The Supreme Court can impose various bail conditions to address concerns about releasing an accused person. These may include reporting to police, residing at a specific address, surrendering passport, not contacting certain people, curfews, or providing a surety. The conditions must be reasonable and relate to the court's concerns about flight risk, reoffending, witness interference, or community safety.

Does Western Australia's Bail Act 1982 apply to all bail decisions in the Supreme Court?

Yes, all bail decisions in the Supreme Court of Western Australia are made under the Bail Act 1982. This legislation governs bail applications whether they involve serious indictable offences committed to the Supreme Court, reviews of magistrates' bail refusals, or appeals from lower courts. The Act establishes the framework for judicial discretion and bail conditions across all WA courts.

How much does it cost to get legal help for a Supreme Court bail application in WA?

Go To Court Lawyers offers a fixed consultation fee of $295 to discuss your Supreme Court bail application. This consultation allows you to understand your options, prospects of success, and the legal process involved. Additional costs will depend on the complexity of your case and whether you proceed with full representation for the bail hearing.
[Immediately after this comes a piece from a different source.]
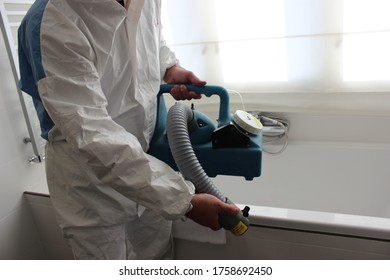 A Technician Is Sanitizing An Hotel Room In Prague, Using Steam And Ozone,  After The Coronavirus SARS-CoV-2 COVID-19 Pandemic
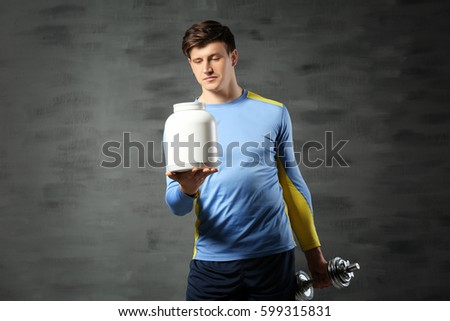 Young handsome sportsman holding bottle of protein and dumbbell on color background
How can a lawyer help with my Supreme Court bail application in Western Australia?

A lawyer can prepare compelling bail arguments addressing the court's key concerns, gather supporting evidence and character references, negotiate appropriate bail conditions with prosecution, and present your case professionally to maximise chances of success. They understand Supreme Court procedures and can effectively argue why you should be released pending trial or appeal proceedings.

How quickly must I apply for Supreme Court bail after being refused by a magistrate?

You should apply for Supreme Court bail review as soon as possible after a magistrate refuses bail, as every day in custody matters. While there's no strict time limit for bail reviews, delays can negatively impact your application and personal circumstances. Urgent applications can often be heard within days, so immediate legal advice is crucial.